A previously asymptomatic 30-year-old doctor's wife was found to have a blood pressure of 160/110 mmHg at her general practice new patient medical. Plasma electrolytes showed a Na⁺ of 144 and K⁺ of 2.8 mmol/l, and the patient was referred untreated for further investigation. A low plasma renin (<0.2 pmol/ml/h) and elevated plasma aldosterone (730 pmol/l) suggested a diagnosis of Conn's syndrome. Onset of early morning headaches necessitated some antihypertensive treatment, and the patient was started on amlodipine 5 mg daily since premature use of spironolactone can confuse tests to distinguish adenomas from bilateral hyperplasia. Two weeks later, blood pressure had fallen to 110/70 mmHg, and the diagnosis of a right adrenal adenoma was made by computed tomography (CT) scan, and unilateral increased uptake of selenium cholestenol by the right adrenal on scintiscan. At this stage, treatment was changed from amlodipine to spironolactone, with continued excellent blood pressure control. A 2 × 1 cm adrenal adenoma was removed one month later.

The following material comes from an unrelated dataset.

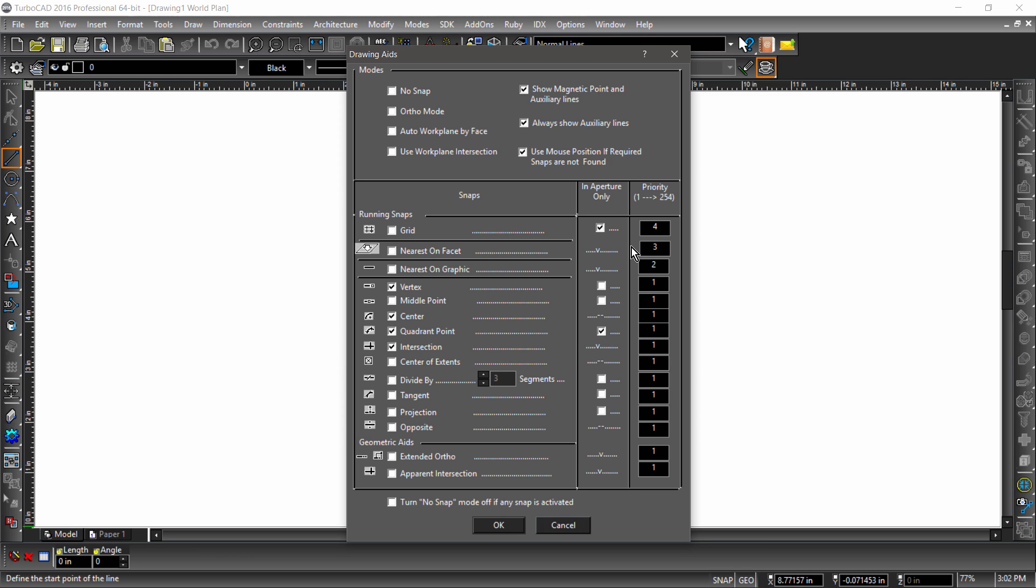Another thing to pay attention to in the drawing aids dialog is the snap priority. Snap priority is useful when more than one snap is found in the snap aperture. The snap aperture is an area around the cursor which highlights the active snaps. So for example, if both a grid and vertex snap fell within the aperture, the vertex snap would be used since it has a higher priority.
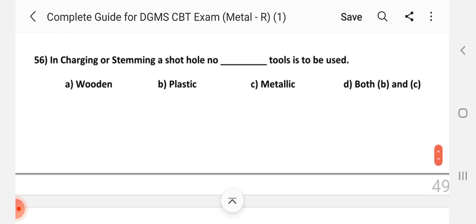Question number 56: In charging or stemming a short hole, which type of tool is to be used? Answer is C — metallic tools.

The figure shows the changes in plasma K⁺ and aldosterone in response to each change in treatment. At least two K⁺measurements were made during each phase, with all the pairs being similar except for the spontaneous variation in K⁺ before treatment was started. Unexpectedly, plasma K⁺ was > 4.0 mmol/l on each occasion after introduction of amlodipine, almost certainly due to a suppression of aldosterone secretion. Indeed the fall in plasma aldosterone is all the more impressive in that a rise in plasma K⁺ usually stimulates aldosterone secretion.